The licensing Nazis are working overtime in Kentucky:
On May 7, Kentucky’s office of attorney general sent a letter to newspaper advice columnist John Rosemond. The letter ordered him to sign a consent decree that he would stop practicing psychology without a license in their state, and stop calling himself a psychologist in Kentucky as well, since he was not licensed by the state’s Board of Examiners of Psychology.
The kicker is that Kentucky claims that writing an advice column that appears in a newspaper in the state—in the specific case of their complaint, the Lexington Herald-Leader, though it appears in others as well—is not an act of freedom of the press, but rather practicing psychology without the required license.
As it happens, I share Kentucky's low opinion of advice columnists, as well as pop psychologists who offer advice on the radio to people they've never met, let alone examined. Even when I was in high school, I thought people like Dear Abby and Ann Landers did far more harm than good. And Dr. Laura and Dr. Joy? Yeech.
But, hello, First Amendment.
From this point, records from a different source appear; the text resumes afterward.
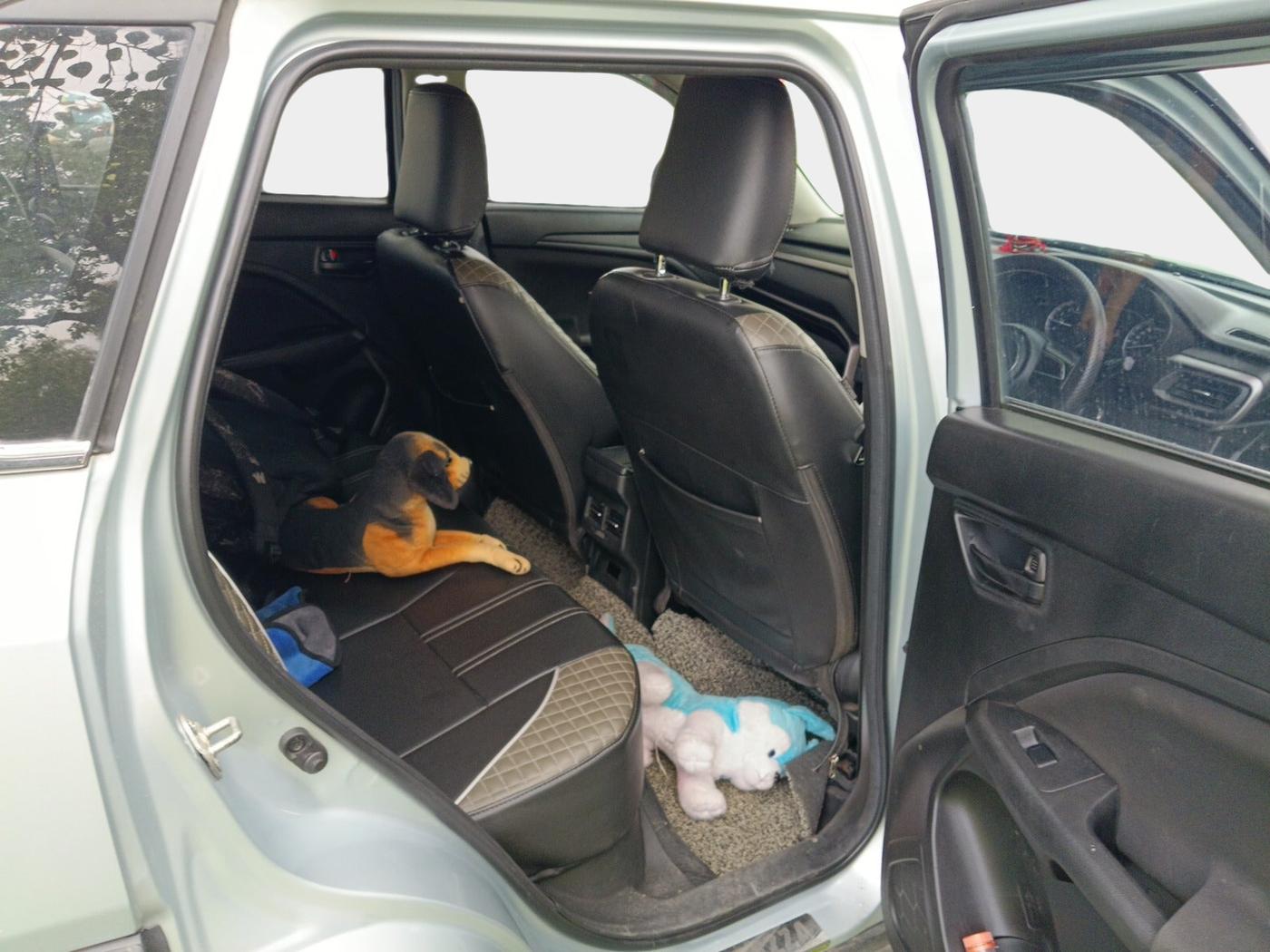 2023 Maruti BREZZA VXI SMART HYBRID, Petrol, Manual, 23,048 km, interior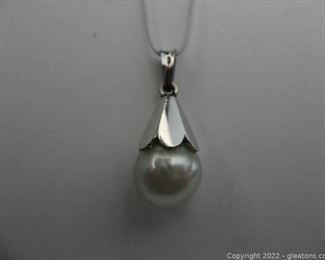 Classic Pearl Drop Pendant 10kt White Gold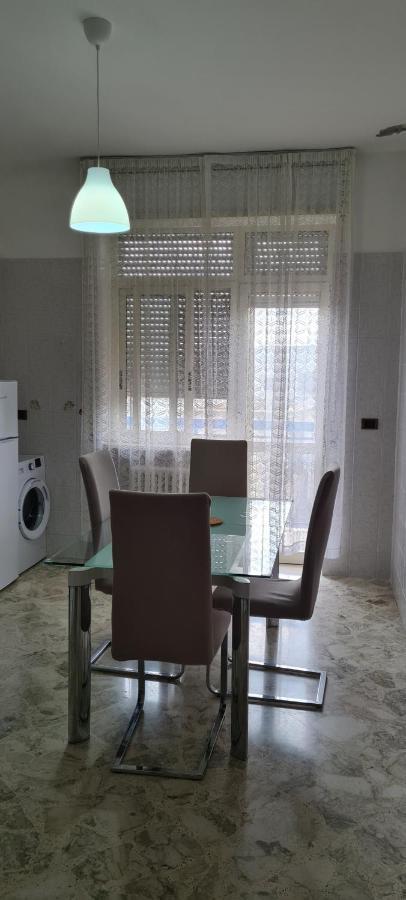 Апартаменты Jajo Apartament Бриндизи Экстерьер фото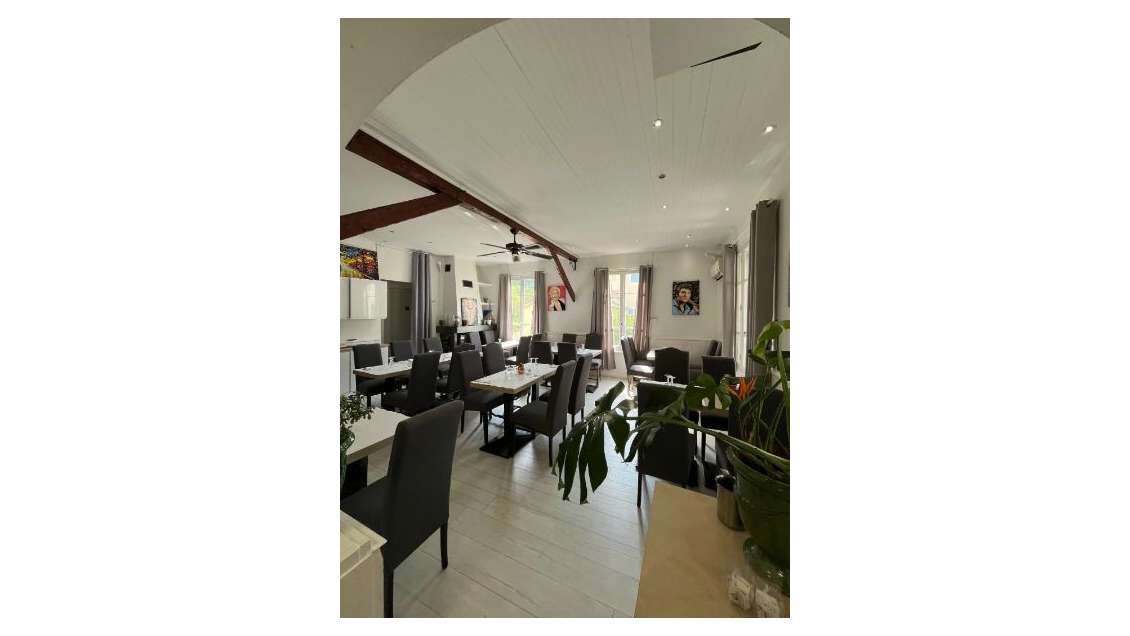 Vente bar restaurant pizzeria lic IV à Castagniers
People have the right to offer opinions, whether they're right or wrong, and the people they're aimed at have the ability to (and should have the sense to) not pay any attention to those opinions. We're standing in our back yards, talking to each other over the fence. You tell me about another neighbor who is harassing you. "Sue the bastard!" I say. Somebody gonna take me to court for practicing law without a license?